**Material provided**
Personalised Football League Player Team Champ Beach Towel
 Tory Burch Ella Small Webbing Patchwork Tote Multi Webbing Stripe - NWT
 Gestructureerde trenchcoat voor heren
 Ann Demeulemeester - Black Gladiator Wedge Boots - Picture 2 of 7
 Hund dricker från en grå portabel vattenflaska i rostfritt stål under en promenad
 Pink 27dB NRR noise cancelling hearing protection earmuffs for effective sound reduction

**Your objective**
Return the entries above word for word.

**Response below**
Personalised Football League Player Team Champ Beach Towel
 Tory Burch Ella Small Webbing Patchwork Tote Multi Webbing Stripe - NWT
 Gestructureerde trenchcoat voor heren
 Ann Demeulemeester - Black Gladiator Wedge Boots - Picture 2 of 7
 Hund dricker från en grå portabel vattenflaska i rostfritt stål under en promenad
 Pink 27dB NRR noise cancelling hearing protection earmuffs for effective sound reduction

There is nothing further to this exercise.